Earl Aguilera (2019) compares two studies done on the integration of technology into the teaching of young students who have grown up in (and only know) a world with computers and the internet (i.e. “digital natives”). The first study, conducted by Christo Sims, focused on a sort of experimental school conceived to incorporate, “videogame-based pedagogies, media-production practices, and digitally networked out-of-school learning (Aguilera, 2019),” and how this method ultimately fell short due to its “disruptive fixation,” (the school was more interested in disrupting the current educational system than it was in creating actual improvements). The second study, conducted by Antero Garcia, found an inner city educator observing the technological leanings already displayed by his students, and harnessing them to bring technology into the classroom. Ultimately, Garcia’s method is found to be a more beneficial teaching strategy, as it, “points to the ways that we, as students, parents, teachers, and communities, might take action to advance our own visions of equitable and impactful education for all (Aguilera, 2019).”

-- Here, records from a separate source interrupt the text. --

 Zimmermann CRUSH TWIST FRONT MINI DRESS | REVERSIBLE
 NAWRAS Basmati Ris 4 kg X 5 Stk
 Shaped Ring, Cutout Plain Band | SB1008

Jason Theodore Hilton’s (2016) case study explores two veteran social studies teachers integrating technology into their teaching by first using the SAMR method, then using the TPACK method. The findings of the study tended to favor SAMR, showing it, “to most easily connect to student-centered design in that each activity is examined for specific opportunities to imbed technology in a manner that improves the independent learning capacity of the students (Hilton, 2016),” while finding the Technological Pedagogical Content Knowledge center of TPACK to be an almost unattainable ideal.

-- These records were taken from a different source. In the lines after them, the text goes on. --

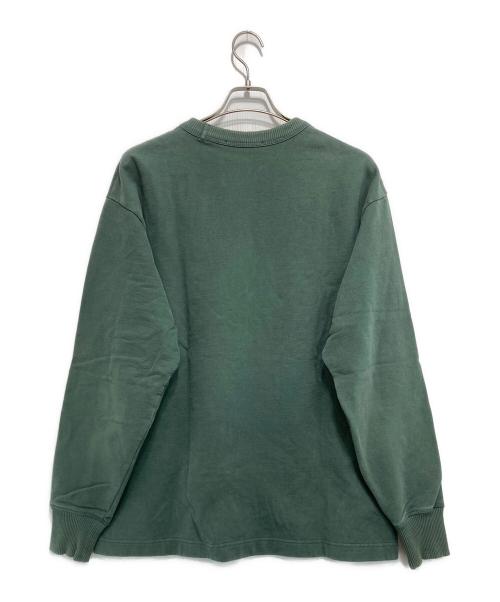 Acne studios（アクネ ストゥディオズ）ACNE STUDIOS (アクネ ストゥディオス) ロゴプリントスウェット グリーン サイズ:XS（175/88A）の古着・服飾アイテム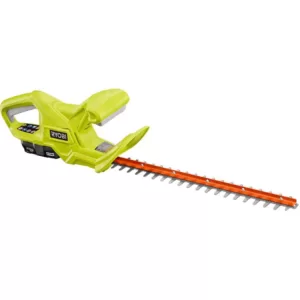 RYOBI ONE+ Lithium+ 18 in. 18-Volt Lithium-Ion Cordless Hedge Trimmer - 1.5 Ah Battery and Charger Included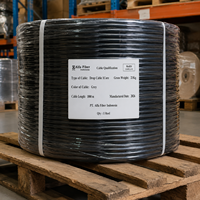 Étiquettes autocollantes en rouleau pour câbles à fibres optiques en papier synthétique personnalisées et étanches pour l'identification et l'image de marque des télécommunications
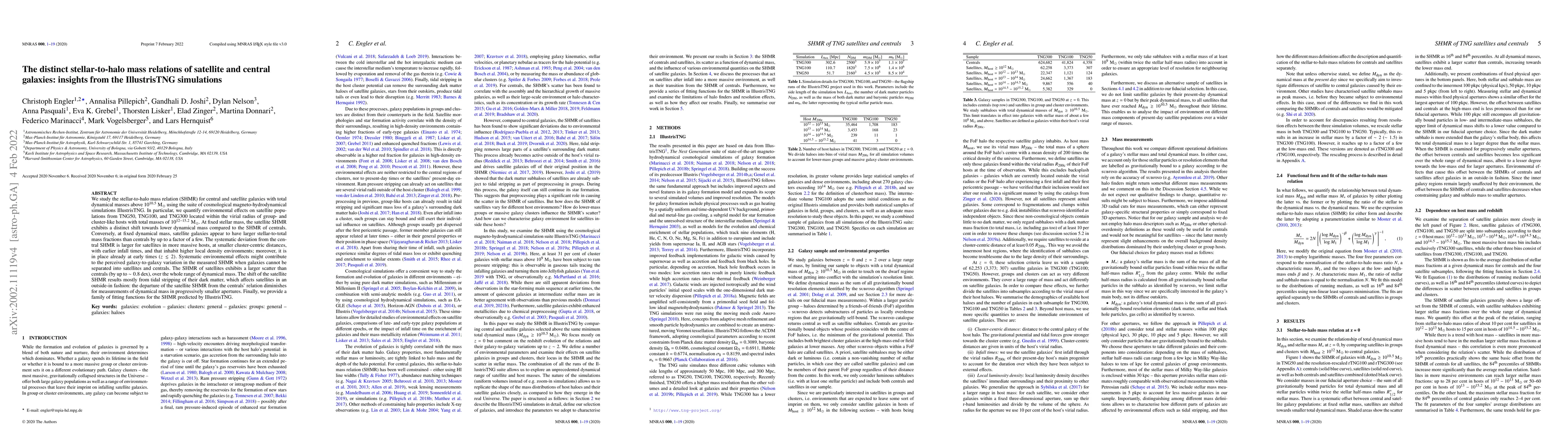 Thumbnail for The distinct stellar-to-halo mass relations of satellite and central
  galaxies: insights from the IllustrisTNG simulations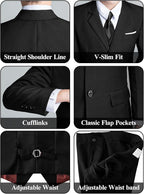 Boys' 5 Piece Formal Suit Set - Image 5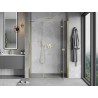 Mexen Mist-H porte de douche battante droite 160 cm, transparent, doré - 8A5-160-001-50-00-P
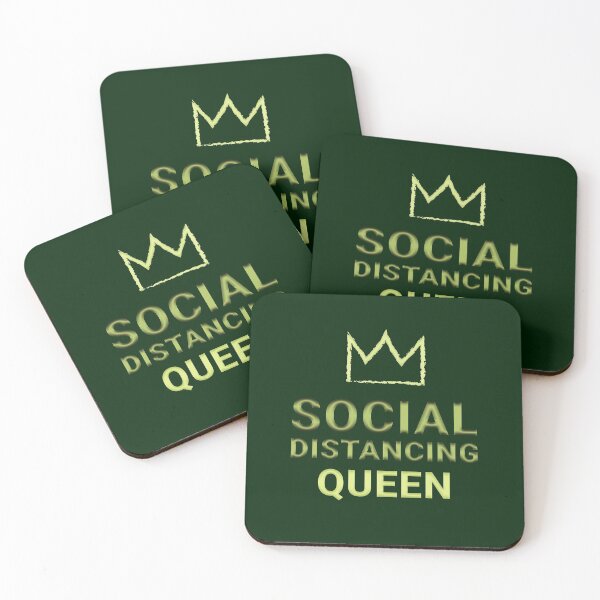 Item preview, Social Distancing Queen Greens designed and sold by aventi24.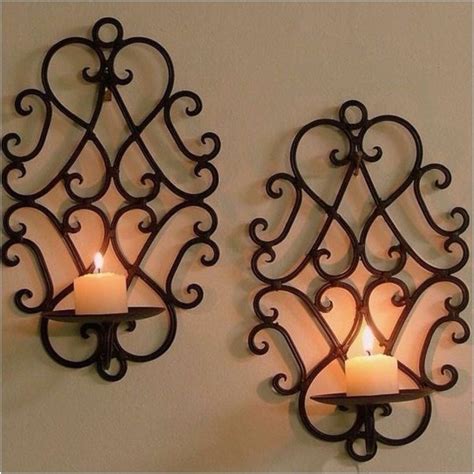 Wrought Iron Candle Wall Sconces Ideas On Foter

Smith, Kahlke and Judd (2018), provide definitions and discussions of the terms “Digital Natives,” and “Digital Literacy,” and make a case for focusing on the latter as it “presents an opportunity to move toward evidence-informed dialogue about learning and technologies across generations.” Finally, the authors outline a model for incorporating the tenets of “Digital Literacy” into “Learning Design,” (described as authentic teaching and learning activities, learning goals ad feedback assessment) as a way, “to provide a foundation for fostering effective digital practices (Smith, et al., 2018).”
In this week’s final article, Erika E. Smith (2012), first defines the concepts of “Digital Natives” and “Digital Immigrants,” while relaying the history of the terms and the early scholarship associated with them. She goes on to explain modern criticisms with these terms/methods of looking at technology in education. These include a failure to update the thinking on/definitions of these terms over the past two decades and their inability to account for differences in socio-economic status.
A major takeaway from the reading this week is how using the idea of “Digital Natives” as a justification of teaching methods or pedagogy can lead to significant missteps. Sometimes this can result from a sort of “cart before the horse” scenario as Aguilera (2019) describes in his analysis of Simms’ study, “how cycles of techno-philanthropism and attempted educational reform can fail in their interventional goals.” In this case, designing a curriculum for “Digital Natives, for the sake of designing a curriculum for “Digital Natives” ultimately proved how, “educational reform efforts (technologically-driven or otherwise) often fail their intended beneficiaries (Aguilera, 2019).”
Similarly, Smith (2012), provides almost a checklist of the way in which accepting the idea of the “Digital Native” at face value can prove ill-advised particularly when making broad assumptions about their characteristics. Smith points to Jones et al. stating these “Digital Natives, “showed ‘significant variations’ in technology use amongst Net generation students (Smith, 2012).” Additionally, in showing variances of digital literacy amongst the “Digital Native” class, Smith references Hargittai who “found socio-economic status, including race and gender, to be a significant factor and an important predictor of technology skills, abilities, and habits (Smith, 2017).”
Ultimately, the problems inherent to this approach and manner of thinking about “Digital Natives” is remedied by the ideas presented in the videos this week. Heitner (2014), presents many sample ideas of ways students can more successfully navigate the digital present, but at the core, each of these ideas boiled down to “empathy.” The concept of “empathy,” of “putting yourself in another person’s shoes” can be a means of counteracting the problems with making assumptions about “Digital Natives.” For example, instead of taking for granted that a student has a high level of computer literacy simply based upon when he/she was born, take some time to speak to and listen to this student. Understand where he or she is coming from and consider that just because someone was born after the year 2000, they are not necessarily tech savvy.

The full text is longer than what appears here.